相続事前対策 2 ~相続税対策としての生前贈与(1)~
相続税対策とは?
私は、お客様から将来の相続の相談を受ける時には、その相談内容を「相続税対策」又は「相続対策」と区別しながら、お話しを聞くようにしています。いろいろな考え方があると思いますが、私は「相続税対策」と「相続対策」を次のように考えています。
「相続税対策」
○将来納付するであろう相続税の支払手段について、事前に検討し確保すること
○将来納付するであろう相続税額自体を減少させるために事前に施策を行うこと
「相続対策」
○相続人が複数いる場合に、遺産の分割について、相続が実際に始まる前に検討し、できれば遺言書により指定すること
具体的には、「相続対策」で、被相続人の思いと相続人の状況(【例】相続人の内に配偶者がいる場合は今後の配偶者の生活を一番に考えなければならない)・遺産の属性(【例】被相続人が会社を経営していた場合はその後継者がその株式を引継ぐ)などを勘案して、『誰がどの財産を引き継ぐか?』を検討し、その「相続対策」の検討の中で、『相続人がそれぞれ引継ぐ予定の遺産につき、課されるであろう相続税を支払うことができるか?(引継ぎ予定の遺産の内に支払手段となるものがあるか、又は相続人自身に支払能力があるか?)』、及び『事前に相続税が減らせる対策をとることはできないか?』といった「相続税対策」を併せて検討していくことになります。そして、これらを繰り返し検討しながら、『遺産を誰がどの時点で引き継ぐか』等の計画を立て、その計画の中で生前贈与など被相続人の生前にとる対策がある場合は、その計画にしたがって実行していきます。

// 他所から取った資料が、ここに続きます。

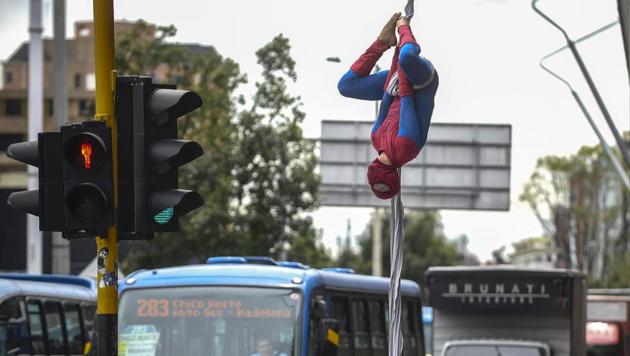 Colombian Jahn Fredy Duque, dressed as superhero ‘Spiderman’, performs on the streets in Bogota, Colombia. (Raul Arboleda / AFP)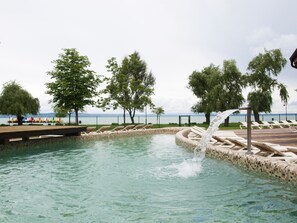 A swimming pool with a water feature, surrounded by lounge chairs and trees, with a view of the sea in the background. - Prémium Hotel Panoráma (Siofok)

そのため、「相続税対策」は、「相続対策」の中で相続の当事者間の話し合いができることが前提となります。
≪ 補 足 ≫
「相続対策」は、相続人間で不仲があり意見の対立が想定される場合は、民法の規定に従って相続人間で調整をする必要があります。そのため、この場合は必ず遺言書による遺産の分割の指定を前提として、出来るだけ争いごとを少なくするために弁護士に第三者としての調整役を依頼し、税理士は補助的に関与することになると思います。
(ただし、私見ではありますが、このような状況でも、被相続人が存命中に調整をおこなった方が、何もせずに相続が始まり相続人間だけで行う調整よりも意見がまとまりやすいと考えられるため、できるかぎり相続開始前に対策をしておいた方がよいと思います。)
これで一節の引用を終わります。